■ **Source records**:
'''

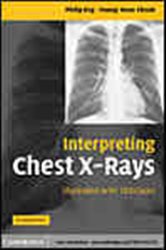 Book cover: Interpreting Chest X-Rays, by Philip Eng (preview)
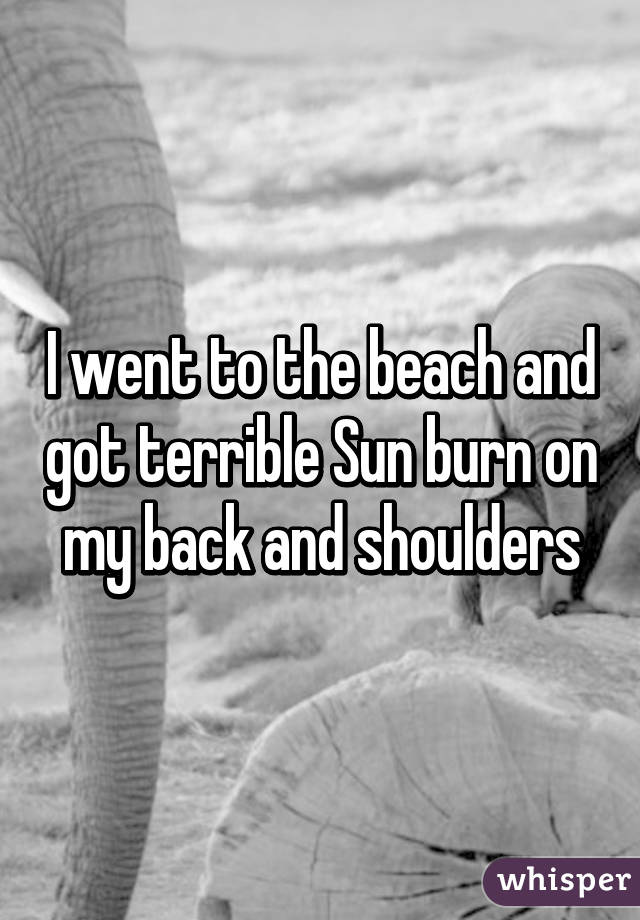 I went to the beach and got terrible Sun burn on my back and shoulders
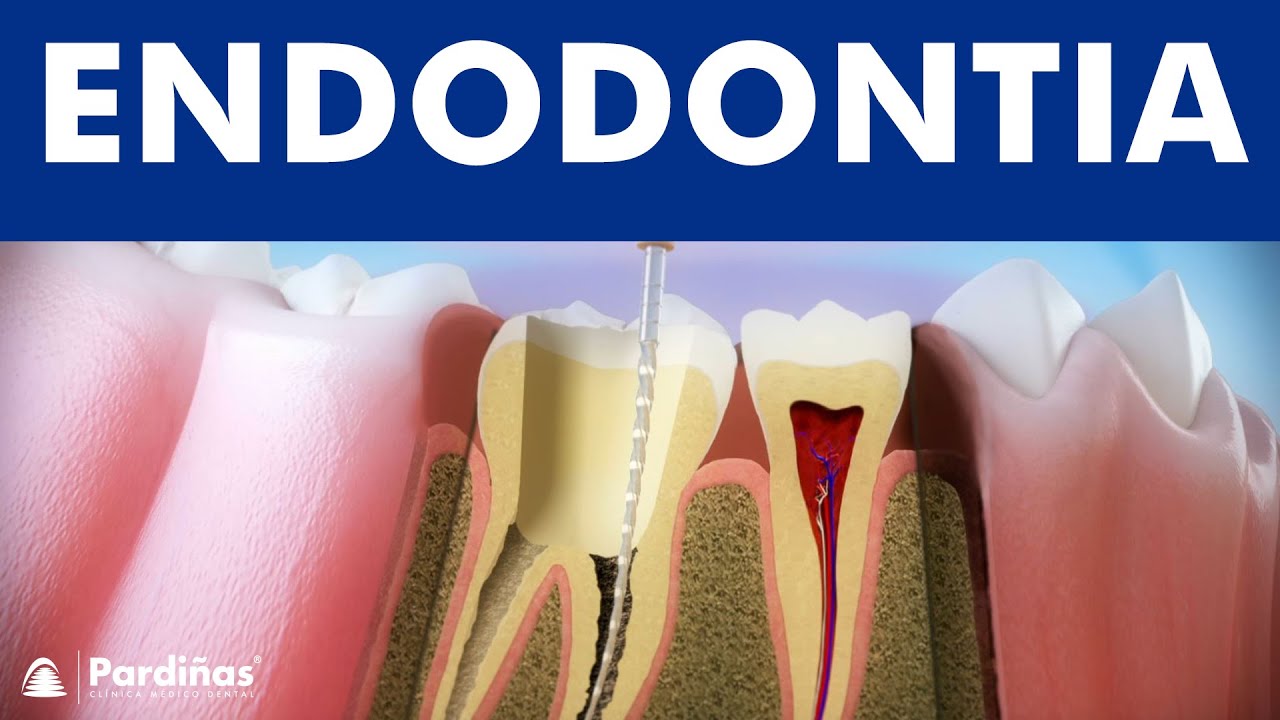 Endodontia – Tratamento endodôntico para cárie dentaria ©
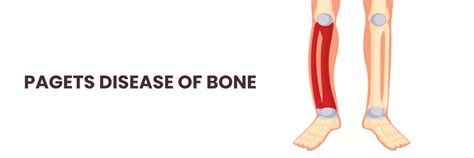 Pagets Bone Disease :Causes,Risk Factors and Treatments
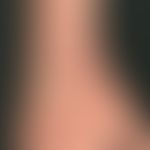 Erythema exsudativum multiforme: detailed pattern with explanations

'''
'''

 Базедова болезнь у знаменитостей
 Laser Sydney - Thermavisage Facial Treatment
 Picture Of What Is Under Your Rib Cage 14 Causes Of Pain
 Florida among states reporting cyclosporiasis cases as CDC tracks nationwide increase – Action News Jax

'''
'''

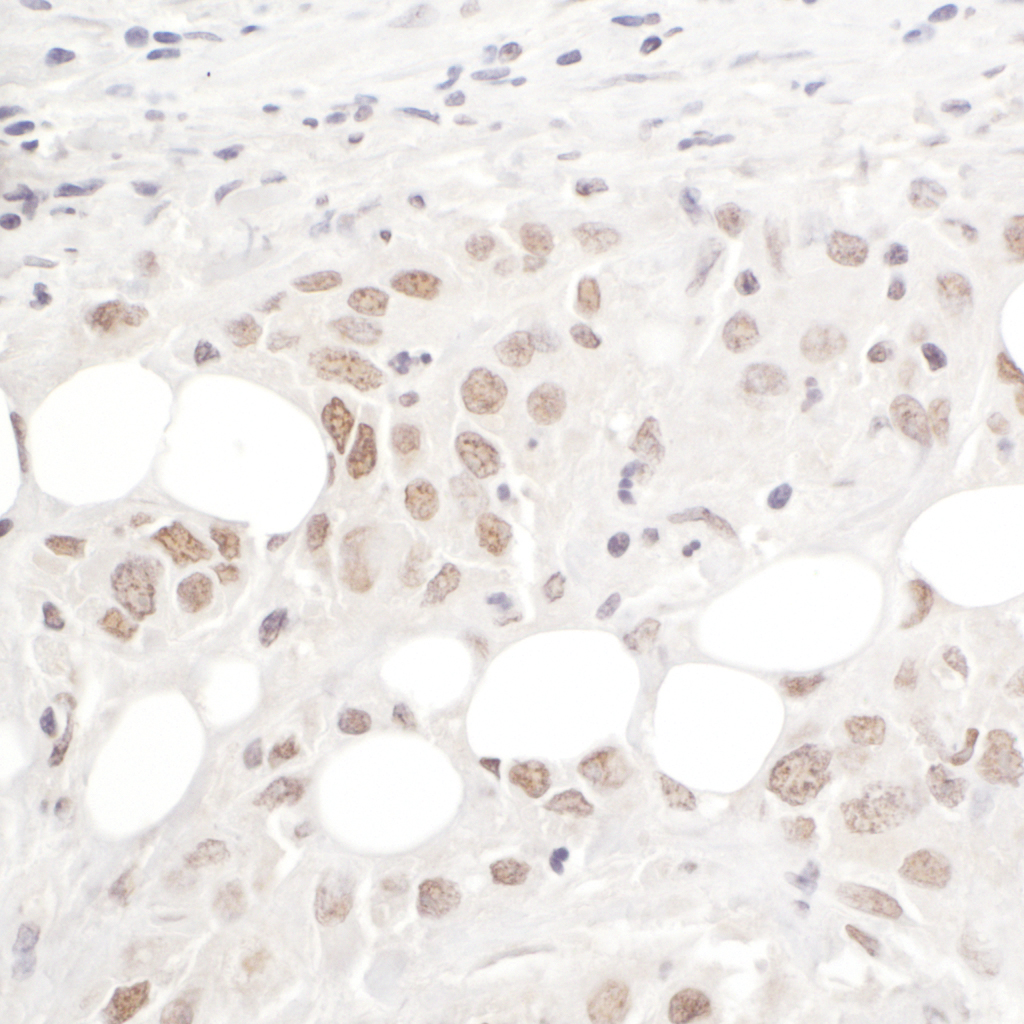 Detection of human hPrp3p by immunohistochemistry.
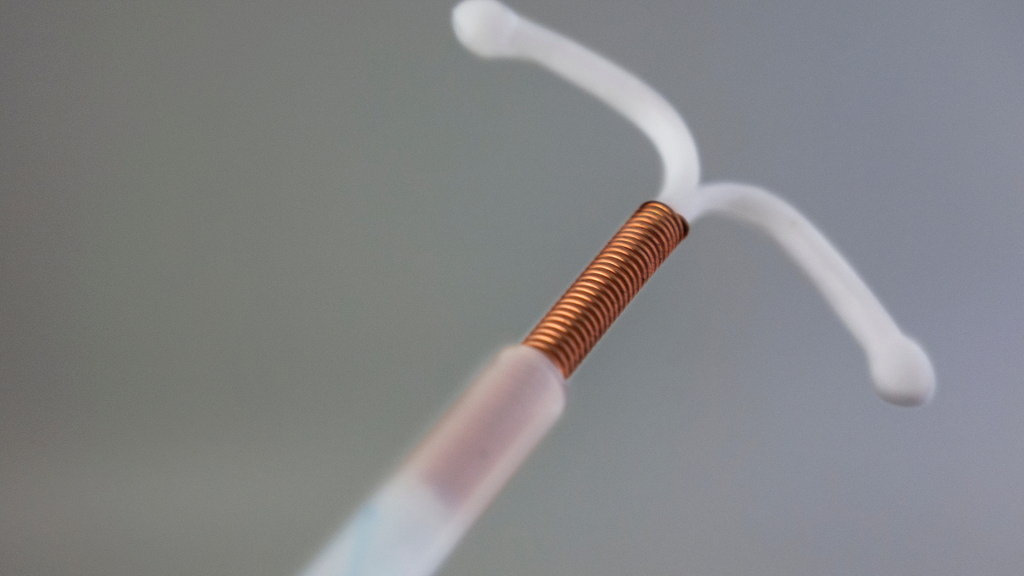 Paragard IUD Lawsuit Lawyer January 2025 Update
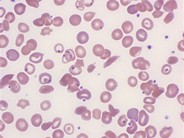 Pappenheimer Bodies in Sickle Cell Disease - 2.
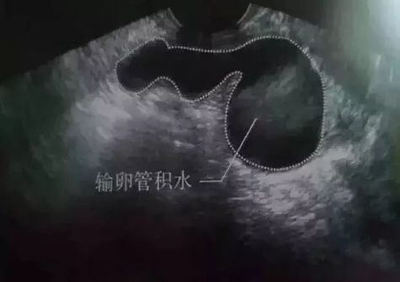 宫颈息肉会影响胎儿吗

'''

■ **Task item**: Print, from the entries above, the line with "Laser Sydney - Thermavisage Facial Treatment", the line with "Florida among states" and all lines between them, exactly and with nothing else.

■ **Solution for this problem**:
 Laser Sydney - Thermavisage Facial Treatment
 Picture Of What Is Under Your Rib Cage 14 Causes Of Pain
 Florida among states reporting cyclosporiasis cases as CDC tracks nationwide increase – Action News Jax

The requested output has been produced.